• Your task: With the images set aside, retype every record below character for character.

• Task data:
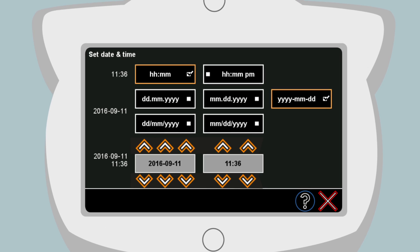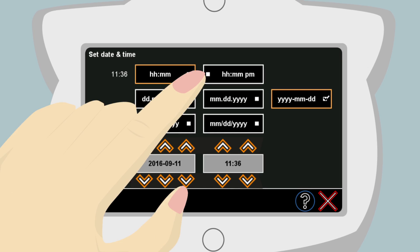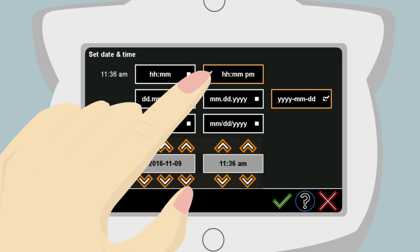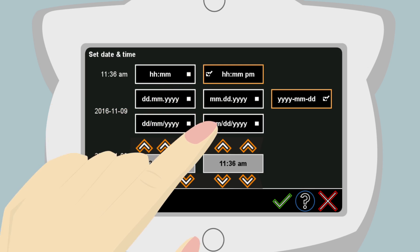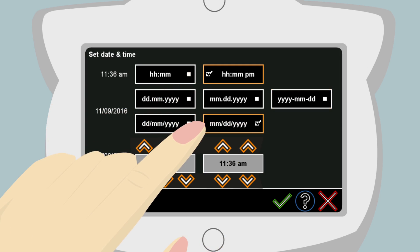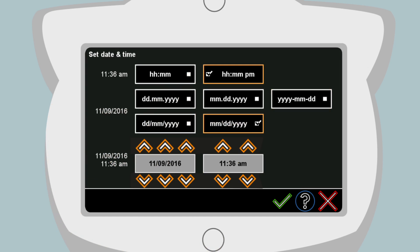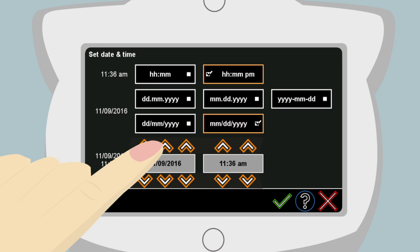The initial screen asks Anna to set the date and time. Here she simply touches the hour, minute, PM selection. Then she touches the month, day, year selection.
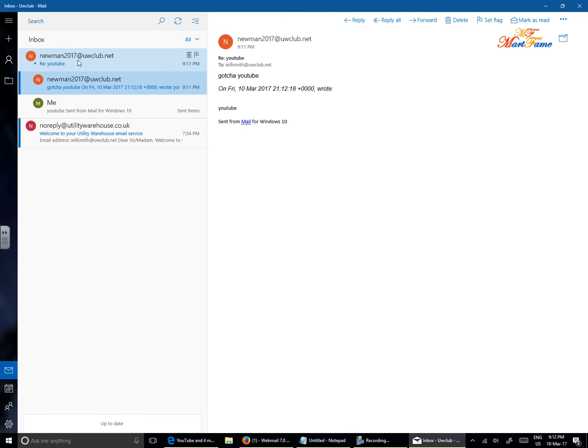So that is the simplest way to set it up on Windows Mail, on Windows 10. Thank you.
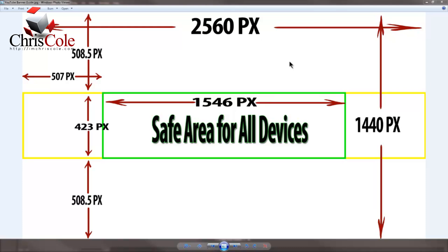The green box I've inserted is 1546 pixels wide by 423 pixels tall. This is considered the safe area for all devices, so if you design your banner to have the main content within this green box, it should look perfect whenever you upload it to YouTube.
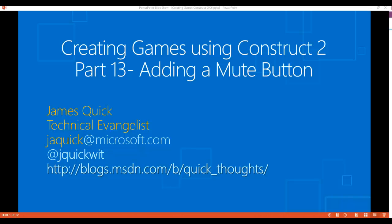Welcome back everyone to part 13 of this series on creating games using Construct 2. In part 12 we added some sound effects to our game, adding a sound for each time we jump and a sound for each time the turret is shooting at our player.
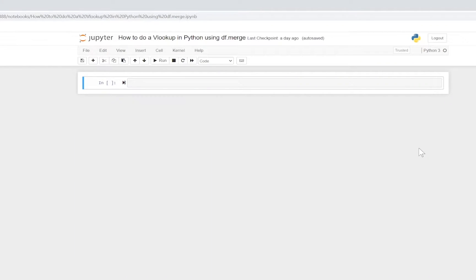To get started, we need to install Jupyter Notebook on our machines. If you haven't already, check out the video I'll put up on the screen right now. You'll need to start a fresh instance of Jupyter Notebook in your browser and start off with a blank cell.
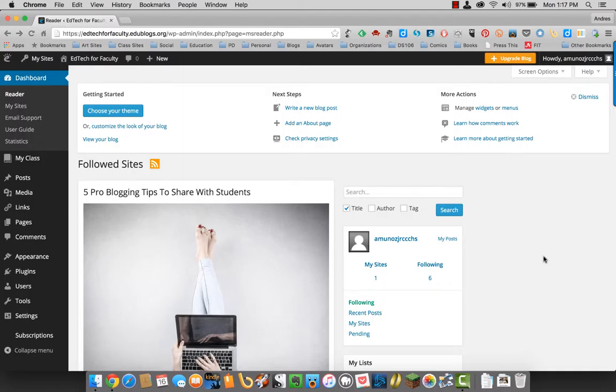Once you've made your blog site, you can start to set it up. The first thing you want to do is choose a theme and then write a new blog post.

• Exercise result:
The initial screen asks Anna to set the date and time. Here she simply touches the hour, minute, PM selection. Then she touches the month, day, year selection.
So that is the simplest way to set it up on Windows Mail, on Windows 10. Thank you.
The green box I've inserted is 1546 pixels wide by 423 pixels tall. This is considered the safe area for all devices, so if you design your banner to have the main content within this green box, it should look perfect whenever you upload it to YouTube.
Welcome back everyone to part 13 of this series on creating games using Construct 2. In part 12 we added some sound effects to our game, adding a sound for each time we jump and a sound for each time the turret is shooting at our player.
To get started, we need to install Jupyter Notebook on our machines. If you haven't already, check out the video I'll put up on the screen right now. You'll need to start a fresh instance of Jupyter Notebook in your browser and start off with a blank cell.
Once you've made your blog site, you can start to set it up. The first thing you want to do is choose a theme and then write a new blog post.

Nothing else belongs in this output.